Akbar yakin sistem jalan berbayar itu akan mengurangi kemacetan di Jakarta secara signifikan. Bahkan, ia siap untuk mengusulkan agar  Jl.Gatot Subroto juga diberlakukan ERP. Sebab, Jl.Gatot Subroto menghubungkan Jakarta dengan kota lainnya. Namun karena Jl.Gatot Subroto merupakan jalan nasional, harus ada keputusan menteri yang mengubahnya menjadi jalan provinsi agar bisa dipasangi ERP.
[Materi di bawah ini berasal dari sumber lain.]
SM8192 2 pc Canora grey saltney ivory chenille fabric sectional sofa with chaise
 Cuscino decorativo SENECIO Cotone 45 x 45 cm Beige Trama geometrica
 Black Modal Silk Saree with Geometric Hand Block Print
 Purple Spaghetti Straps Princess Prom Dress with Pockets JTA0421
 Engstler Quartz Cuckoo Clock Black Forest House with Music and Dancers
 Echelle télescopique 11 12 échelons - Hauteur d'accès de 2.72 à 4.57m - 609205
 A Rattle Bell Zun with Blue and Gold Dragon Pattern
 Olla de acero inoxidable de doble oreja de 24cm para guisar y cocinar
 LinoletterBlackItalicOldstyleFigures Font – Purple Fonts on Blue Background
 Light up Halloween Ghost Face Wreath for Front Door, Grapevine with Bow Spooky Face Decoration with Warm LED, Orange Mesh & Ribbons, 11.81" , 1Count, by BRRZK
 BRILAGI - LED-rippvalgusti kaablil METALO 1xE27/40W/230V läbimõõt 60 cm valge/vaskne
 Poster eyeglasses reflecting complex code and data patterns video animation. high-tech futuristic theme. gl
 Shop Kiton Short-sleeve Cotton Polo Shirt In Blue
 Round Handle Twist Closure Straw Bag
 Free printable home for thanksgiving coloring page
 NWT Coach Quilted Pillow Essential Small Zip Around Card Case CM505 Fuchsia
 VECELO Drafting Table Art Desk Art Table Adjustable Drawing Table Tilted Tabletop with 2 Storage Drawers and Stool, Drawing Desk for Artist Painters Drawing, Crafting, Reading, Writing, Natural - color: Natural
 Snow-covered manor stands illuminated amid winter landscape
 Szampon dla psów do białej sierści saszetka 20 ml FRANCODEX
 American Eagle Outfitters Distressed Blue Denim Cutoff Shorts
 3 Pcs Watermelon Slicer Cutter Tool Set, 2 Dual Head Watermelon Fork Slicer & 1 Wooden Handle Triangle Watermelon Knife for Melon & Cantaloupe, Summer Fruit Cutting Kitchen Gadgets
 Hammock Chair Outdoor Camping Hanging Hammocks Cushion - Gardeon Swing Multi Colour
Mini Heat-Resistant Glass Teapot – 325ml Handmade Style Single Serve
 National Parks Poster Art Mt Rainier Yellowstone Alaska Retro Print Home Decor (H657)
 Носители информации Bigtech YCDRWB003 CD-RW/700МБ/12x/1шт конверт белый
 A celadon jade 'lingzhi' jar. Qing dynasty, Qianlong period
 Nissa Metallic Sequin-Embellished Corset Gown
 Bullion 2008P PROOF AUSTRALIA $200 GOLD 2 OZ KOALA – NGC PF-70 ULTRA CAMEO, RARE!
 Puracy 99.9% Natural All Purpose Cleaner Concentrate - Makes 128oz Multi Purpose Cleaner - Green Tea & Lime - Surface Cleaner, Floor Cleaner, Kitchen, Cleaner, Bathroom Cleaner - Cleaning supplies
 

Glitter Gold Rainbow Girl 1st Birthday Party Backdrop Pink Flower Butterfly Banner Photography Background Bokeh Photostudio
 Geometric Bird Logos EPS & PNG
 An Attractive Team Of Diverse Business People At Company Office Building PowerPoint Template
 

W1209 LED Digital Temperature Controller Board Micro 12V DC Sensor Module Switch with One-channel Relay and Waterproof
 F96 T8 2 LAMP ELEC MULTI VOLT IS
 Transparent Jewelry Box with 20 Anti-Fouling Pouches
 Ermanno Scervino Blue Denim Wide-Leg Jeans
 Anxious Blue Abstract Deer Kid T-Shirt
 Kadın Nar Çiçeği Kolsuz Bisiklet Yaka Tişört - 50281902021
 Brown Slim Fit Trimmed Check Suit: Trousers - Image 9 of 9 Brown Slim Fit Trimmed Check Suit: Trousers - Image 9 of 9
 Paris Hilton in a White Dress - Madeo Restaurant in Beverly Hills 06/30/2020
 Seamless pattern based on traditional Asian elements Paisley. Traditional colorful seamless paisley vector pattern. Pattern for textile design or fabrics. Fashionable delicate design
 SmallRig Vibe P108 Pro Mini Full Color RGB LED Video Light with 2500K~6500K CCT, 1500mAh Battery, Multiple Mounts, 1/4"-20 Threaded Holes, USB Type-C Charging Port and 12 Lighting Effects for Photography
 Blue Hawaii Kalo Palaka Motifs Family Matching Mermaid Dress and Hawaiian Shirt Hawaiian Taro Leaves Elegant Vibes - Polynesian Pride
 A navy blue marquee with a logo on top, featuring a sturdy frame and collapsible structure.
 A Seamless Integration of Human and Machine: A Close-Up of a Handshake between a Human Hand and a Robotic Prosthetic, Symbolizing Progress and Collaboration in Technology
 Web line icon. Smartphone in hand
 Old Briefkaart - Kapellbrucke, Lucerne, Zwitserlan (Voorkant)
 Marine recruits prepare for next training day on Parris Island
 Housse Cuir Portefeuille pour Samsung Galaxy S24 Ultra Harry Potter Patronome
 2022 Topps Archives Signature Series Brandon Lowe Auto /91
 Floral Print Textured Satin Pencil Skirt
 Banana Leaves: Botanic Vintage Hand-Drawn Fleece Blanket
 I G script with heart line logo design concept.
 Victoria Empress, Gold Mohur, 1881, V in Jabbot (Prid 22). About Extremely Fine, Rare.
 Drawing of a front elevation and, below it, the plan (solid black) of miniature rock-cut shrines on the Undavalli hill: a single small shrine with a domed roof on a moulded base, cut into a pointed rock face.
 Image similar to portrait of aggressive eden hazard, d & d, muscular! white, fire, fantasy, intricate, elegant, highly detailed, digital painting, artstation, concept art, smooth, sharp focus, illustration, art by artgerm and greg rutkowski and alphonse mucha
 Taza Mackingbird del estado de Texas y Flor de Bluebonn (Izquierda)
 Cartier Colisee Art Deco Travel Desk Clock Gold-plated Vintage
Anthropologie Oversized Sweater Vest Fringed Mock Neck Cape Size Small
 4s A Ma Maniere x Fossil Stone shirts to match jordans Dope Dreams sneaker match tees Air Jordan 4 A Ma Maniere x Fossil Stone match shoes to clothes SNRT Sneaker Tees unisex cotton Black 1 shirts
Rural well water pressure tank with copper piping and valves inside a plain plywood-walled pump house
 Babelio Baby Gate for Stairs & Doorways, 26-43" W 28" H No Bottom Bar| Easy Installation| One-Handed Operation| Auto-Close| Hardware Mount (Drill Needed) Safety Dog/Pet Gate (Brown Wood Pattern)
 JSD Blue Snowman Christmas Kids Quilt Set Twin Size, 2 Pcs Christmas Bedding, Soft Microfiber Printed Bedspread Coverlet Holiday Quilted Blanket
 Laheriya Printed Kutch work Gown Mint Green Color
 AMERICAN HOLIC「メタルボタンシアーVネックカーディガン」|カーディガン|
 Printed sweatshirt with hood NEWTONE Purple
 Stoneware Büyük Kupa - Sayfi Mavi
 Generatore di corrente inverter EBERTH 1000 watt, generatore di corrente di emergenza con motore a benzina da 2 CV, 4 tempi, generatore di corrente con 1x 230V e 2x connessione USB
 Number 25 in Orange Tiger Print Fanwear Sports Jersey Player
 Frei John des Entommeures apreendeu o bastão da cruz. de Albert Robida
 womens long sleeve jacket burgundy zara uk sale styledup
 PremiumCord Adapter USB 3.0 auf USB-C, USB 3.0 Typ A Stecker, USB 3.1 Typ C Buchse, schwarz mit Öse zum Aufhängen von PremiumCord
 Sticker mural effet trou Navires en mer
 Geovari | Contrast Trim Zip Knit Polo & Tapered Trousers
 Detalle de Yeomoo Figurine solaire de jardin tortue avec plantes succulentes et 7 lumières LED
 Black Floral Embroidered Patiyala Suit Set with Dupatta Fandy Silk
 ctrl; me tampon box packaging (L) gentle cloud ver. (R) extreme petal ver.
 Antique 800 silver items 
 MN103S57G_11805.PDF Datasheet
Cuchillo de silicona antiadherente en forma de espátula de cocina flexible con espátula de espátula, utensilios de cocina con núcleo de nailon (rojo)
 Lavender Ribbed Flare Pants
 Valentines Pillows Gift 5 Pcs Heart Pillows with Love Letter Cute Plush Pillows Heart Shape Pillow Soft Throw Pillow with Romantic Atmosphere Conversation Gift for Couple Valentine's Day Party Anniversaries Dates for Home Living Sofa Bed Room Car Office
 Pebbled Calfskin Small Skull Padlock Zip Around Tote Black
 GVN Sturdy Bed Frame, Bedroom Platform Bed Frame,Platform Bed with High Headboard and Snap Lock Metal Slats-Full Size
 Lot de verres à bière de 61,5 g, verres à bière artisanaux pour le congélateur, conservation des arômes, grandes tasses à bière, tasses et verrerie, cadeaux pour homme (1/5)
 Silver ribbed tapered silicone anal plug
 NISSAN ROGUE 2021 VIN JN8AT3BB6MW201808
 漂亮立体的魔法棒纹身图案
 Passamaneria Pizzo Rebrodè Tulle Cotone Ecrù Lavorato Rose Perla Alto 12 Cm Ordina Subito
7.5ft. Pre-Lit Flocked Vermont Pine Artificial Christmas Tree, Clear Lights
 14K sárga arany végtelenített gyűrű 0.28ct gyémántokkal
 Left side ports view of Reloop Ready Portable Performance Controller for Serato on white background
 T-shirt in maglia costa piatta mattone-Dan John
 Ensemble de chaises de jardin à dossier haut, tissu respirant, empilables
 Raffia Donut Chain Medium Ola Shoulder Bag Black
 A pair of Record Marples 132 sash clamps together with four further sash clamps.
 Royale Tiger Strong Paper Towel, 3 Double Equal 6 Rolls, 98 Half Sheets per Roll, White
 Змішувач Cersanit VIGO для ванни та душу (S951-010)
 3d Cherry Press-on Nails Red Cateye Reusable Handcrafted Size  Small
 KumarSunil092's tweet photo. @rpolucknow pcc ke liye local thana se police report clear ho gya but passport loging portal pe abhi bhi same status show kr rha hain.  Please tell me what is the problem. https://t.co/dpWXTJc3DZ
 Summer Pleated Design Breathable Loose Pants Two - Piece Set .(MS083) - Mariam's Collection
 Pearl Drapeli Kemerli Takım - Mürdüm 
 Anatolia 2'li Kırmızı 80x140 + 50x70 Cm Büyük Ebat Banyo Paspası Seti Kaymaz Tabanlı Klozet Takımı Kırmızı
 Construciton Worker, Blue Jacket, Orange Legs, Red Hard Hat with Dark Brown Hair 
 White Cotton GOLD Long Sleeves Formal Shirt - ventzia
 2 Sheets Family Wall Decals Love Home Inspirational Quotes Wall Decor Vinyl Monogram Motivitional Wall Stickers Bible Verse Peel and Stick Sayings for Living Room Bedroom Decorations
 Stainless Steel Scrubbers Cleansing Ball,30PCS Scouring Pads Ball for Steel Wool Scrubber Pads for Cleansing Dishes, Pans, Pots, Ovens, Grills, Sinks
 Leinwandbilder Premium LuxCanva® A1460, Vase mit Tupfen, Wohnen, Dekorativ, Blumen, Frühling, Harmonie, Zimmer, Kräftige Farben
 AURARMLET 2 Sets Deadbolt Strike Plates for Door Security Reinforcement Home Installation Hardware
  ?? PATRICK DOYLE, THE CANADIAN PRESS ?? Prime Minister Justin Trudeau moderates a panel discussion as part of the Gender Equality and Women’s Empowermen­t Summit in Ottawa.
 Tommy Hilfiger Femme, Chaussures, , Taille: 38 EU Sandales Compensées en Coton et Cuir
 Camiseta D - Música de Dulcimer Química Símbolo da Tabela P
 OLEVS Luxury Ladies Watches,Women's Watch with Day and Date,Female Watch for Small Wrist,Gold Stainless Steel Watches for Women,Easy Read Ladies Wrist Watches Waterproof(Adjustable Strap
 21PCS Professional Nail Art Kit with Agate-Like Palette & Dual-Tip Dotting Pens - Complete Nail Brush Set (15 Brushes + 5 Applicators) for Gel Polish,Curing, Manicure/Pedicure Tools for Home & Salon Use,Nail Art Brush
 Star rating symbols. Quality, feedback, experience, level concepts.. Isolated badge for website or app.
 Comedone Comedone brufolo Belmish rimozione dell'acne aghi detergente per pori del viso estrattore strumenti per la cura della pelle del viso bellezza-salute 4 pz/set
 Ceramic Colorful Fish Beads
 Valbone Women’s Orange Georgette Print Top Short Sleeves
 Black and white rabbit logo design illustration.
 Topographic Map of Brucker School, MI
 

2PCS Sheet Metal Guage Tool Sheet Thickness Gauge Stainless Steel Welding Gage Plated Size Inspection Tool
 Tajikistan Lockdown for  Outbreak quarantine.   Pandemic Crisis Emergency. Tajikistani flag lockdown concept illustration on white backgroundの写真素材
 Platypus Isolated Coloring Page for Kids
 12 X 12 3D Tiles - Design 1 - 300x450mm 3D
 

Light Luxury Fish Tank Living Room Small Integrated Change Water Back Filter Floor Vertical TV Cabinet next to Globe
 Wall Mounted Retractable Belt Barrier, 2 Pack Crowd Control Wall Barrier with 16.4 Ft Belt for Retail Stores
"Ada persoalan yang harus dipikirkan, jalan nasional tidak boleh ERP. Padahal Jl.Gatot Subroto (yang merupakan jalan nasional) sudah jaringan jalan dalam kota. Ya sudahlah ubah saja, kan tinggal keputusan menteri," katanya.

Lebih lanjut Akbar mengatakan, penerapan ERP di Jl.Gatot Subroto akan membawa dampak yang cukup berarti. Ia juga mengusulkan, tarif retribusi ERP nantinya dirumuskan dalam bentuk formula seperti tarif tol yang mengikuti nilai inflasi. Hal ini menurutnya untuk memunculkan efek jera bagi pengendara kendaraan pribadi agar bisa mencari alternatif moda angkutan yang tidak membuat macet.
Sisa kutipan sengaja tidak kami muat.